▸ Your instructions: From the listing below, copy only the lines from the line that contains "Wholesale Factory Price" to the line that contains "Obraz premium Abstract", counting those two lines as part of the copy.

▸ Records shown:
________________

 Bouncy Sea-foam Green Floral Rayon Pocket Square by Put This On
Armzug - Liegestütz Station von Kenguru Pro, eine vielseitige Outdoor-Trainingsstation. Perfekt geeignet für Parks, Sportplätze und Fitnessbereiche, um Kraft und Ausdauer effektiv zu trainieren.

________________

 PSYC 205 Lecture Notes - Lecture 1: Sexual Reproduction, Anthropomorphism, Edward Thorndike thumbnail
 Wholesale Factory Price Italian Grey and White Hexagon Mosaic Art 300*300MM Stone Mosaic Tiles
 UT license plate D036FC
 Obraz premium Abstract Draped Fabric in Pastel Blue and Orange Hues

________________

▸ Output:
 Wholesale Factory Price Italian Grey and White Hexagon Mosaic Art 300*300MM Stone Mosaic Tiles
 UT license plate D036FC
 Obraz premium Abstract Draped Fabric in Pastel Blue and Orange Hues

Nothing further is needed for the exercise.